» Given records:
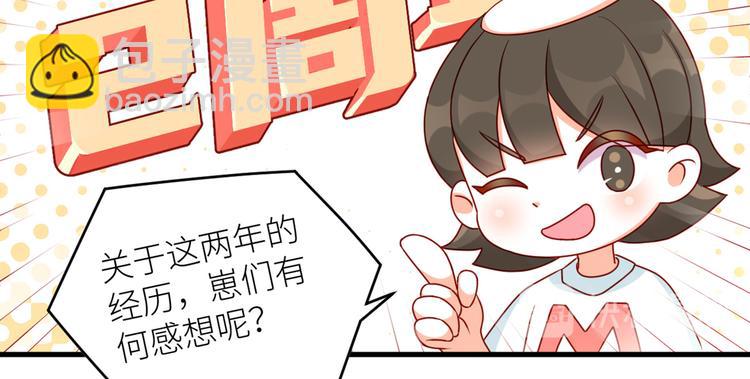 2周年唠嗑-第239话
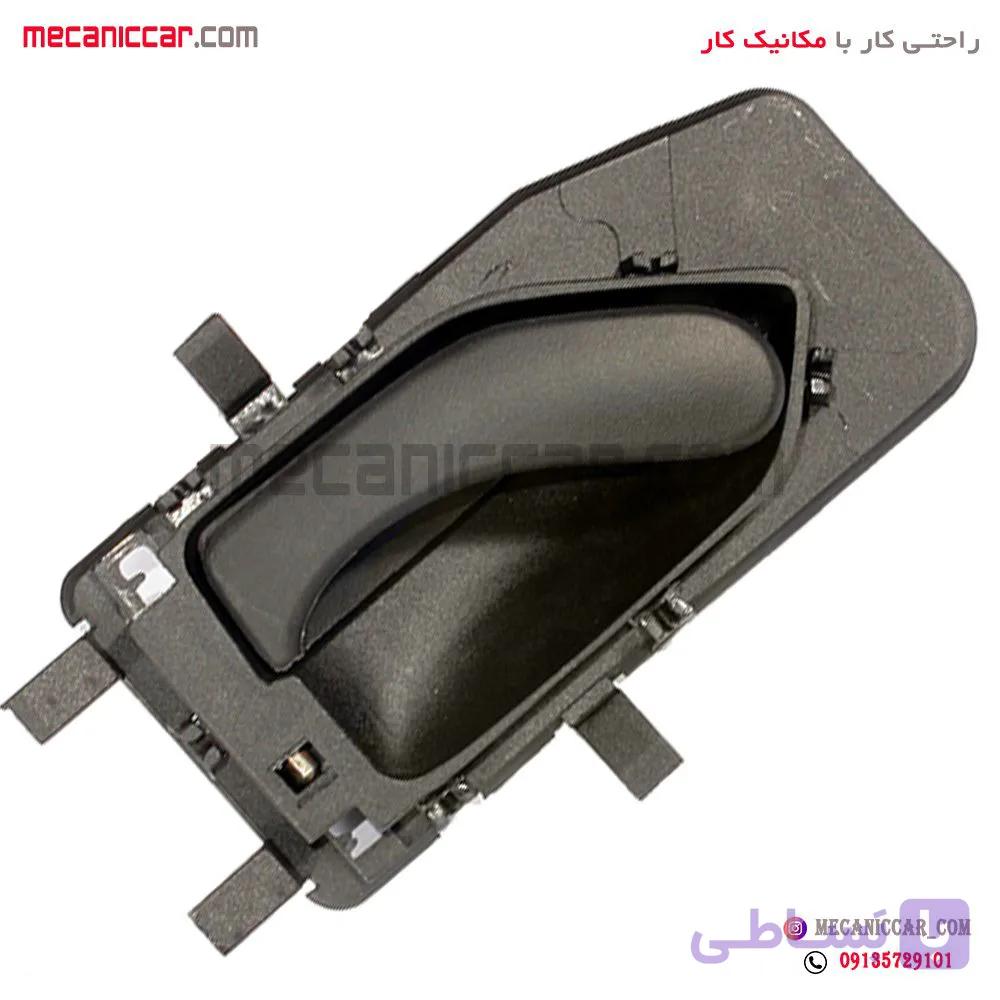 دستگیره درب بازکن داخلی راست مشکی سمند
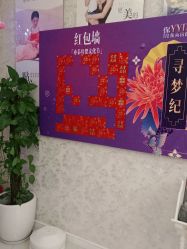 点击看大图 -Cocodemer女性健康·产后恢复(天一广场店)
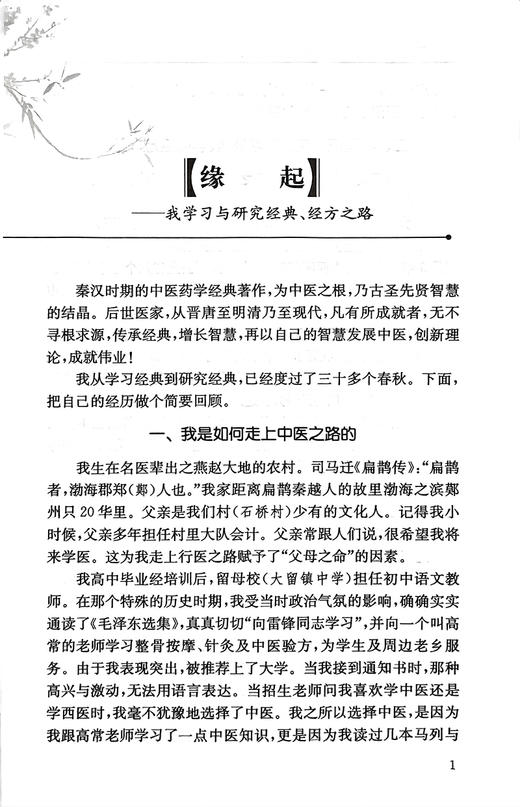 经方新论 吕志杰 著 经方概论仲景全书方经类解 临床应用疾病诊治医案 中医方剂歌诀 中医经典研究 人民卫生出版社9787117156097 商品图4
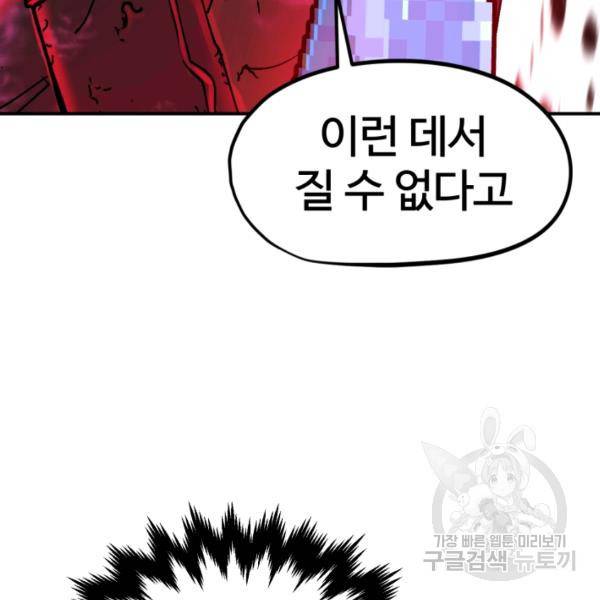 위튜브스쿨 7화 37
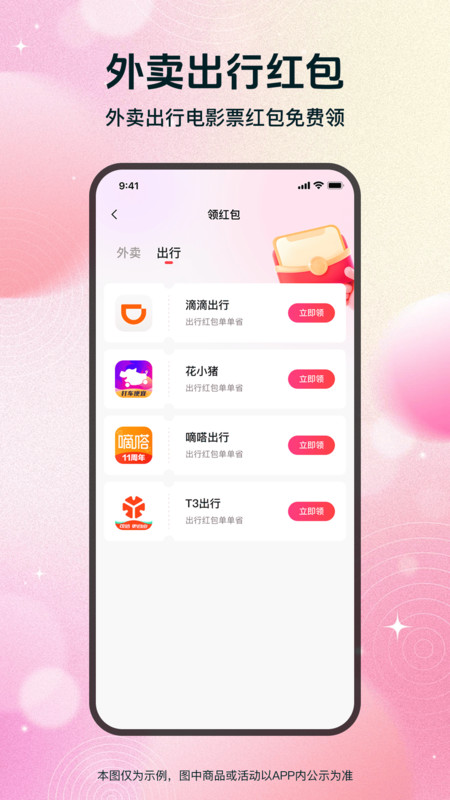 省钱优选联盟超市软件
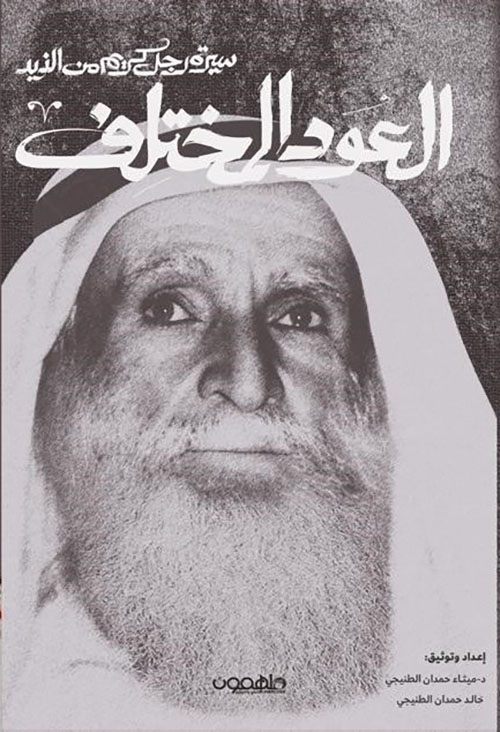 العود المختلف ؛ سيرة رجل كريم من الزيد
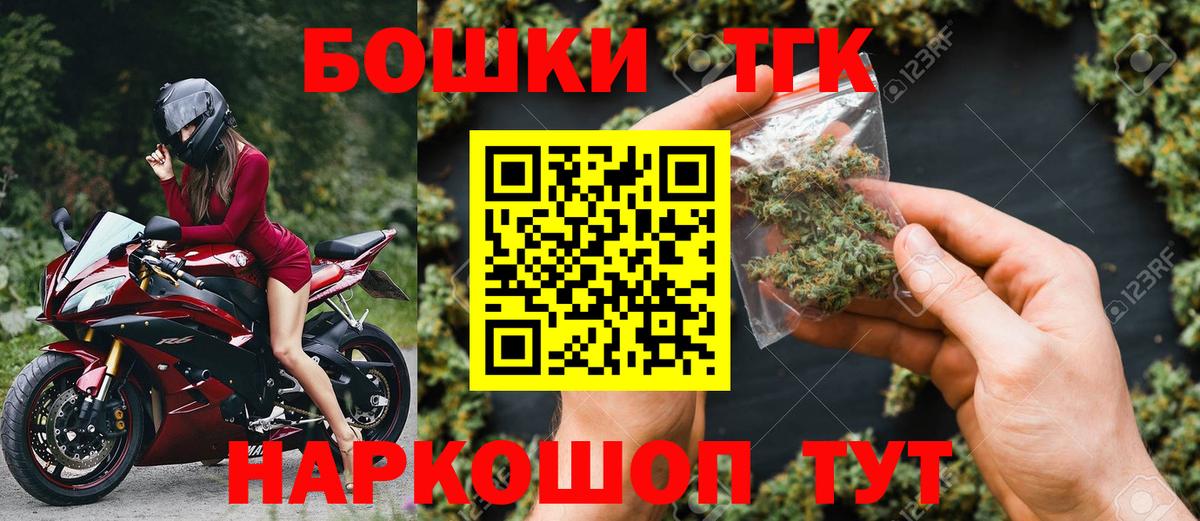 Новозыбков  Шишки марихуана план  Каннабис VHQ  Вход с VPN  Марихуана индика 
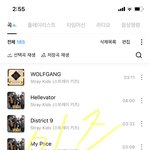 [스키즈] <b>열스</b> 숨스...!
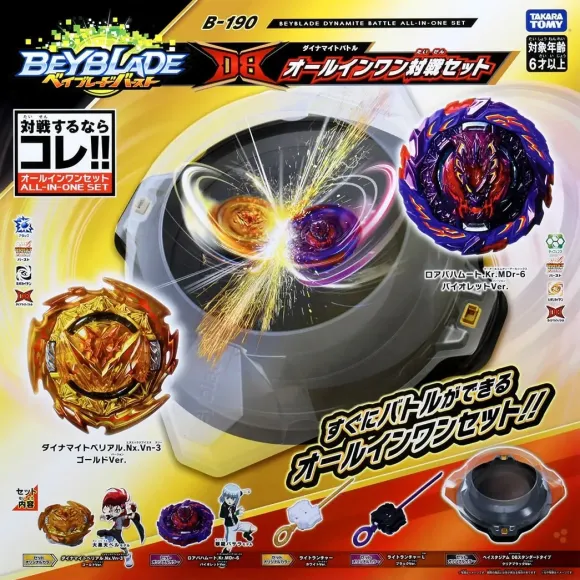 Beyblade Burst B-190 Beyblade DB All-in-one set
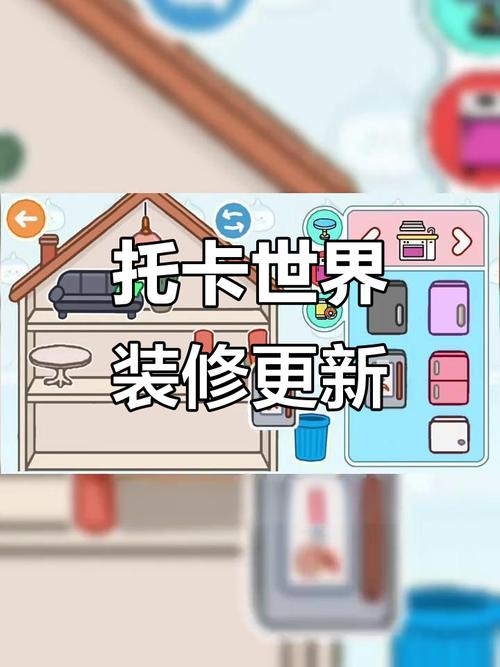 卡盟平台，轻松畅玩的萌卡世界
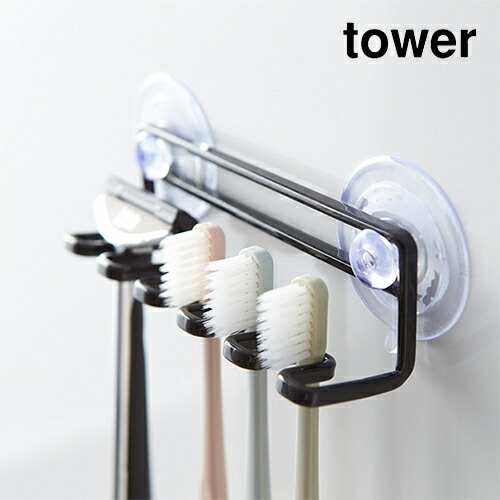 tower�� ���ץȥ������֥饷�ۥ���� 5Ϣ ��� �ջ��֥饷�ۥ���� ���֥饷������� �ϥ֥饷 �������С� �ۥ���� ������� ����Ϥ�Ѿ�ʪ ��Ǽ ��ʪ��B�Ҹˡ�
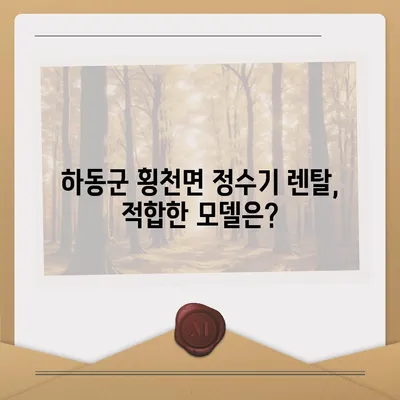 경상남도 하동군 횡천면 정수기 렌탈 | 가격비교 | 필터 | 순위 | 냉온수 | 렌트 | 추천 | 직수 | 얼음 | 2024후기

» Task details: Starting with the first line of the records above and stopping after the line containing "العود المختلف ؛ سيرة رجل كريم من الزيد", repeat every line exactly and leave out the pictures.

» Finished exercise:
 2周年唠嗑-第239话
 دستگیره درب بازکن داخلی راست مشکی سمند
 点击看大图 -Cocodemer女性健康·产后恢复(天一广场店)
 经方新论 吕志杰 著 经方概论仲景全书方经类解 临床应用疾病诊治医案 中医方剂歌诀 中医经典研究 人民卫生出版社9787117156097 商品图4
 위튜브스쿨 7화 37
 省钱优选联盟超市软件
 العود المختلف ؛ سيرة رجل كريم من الزيد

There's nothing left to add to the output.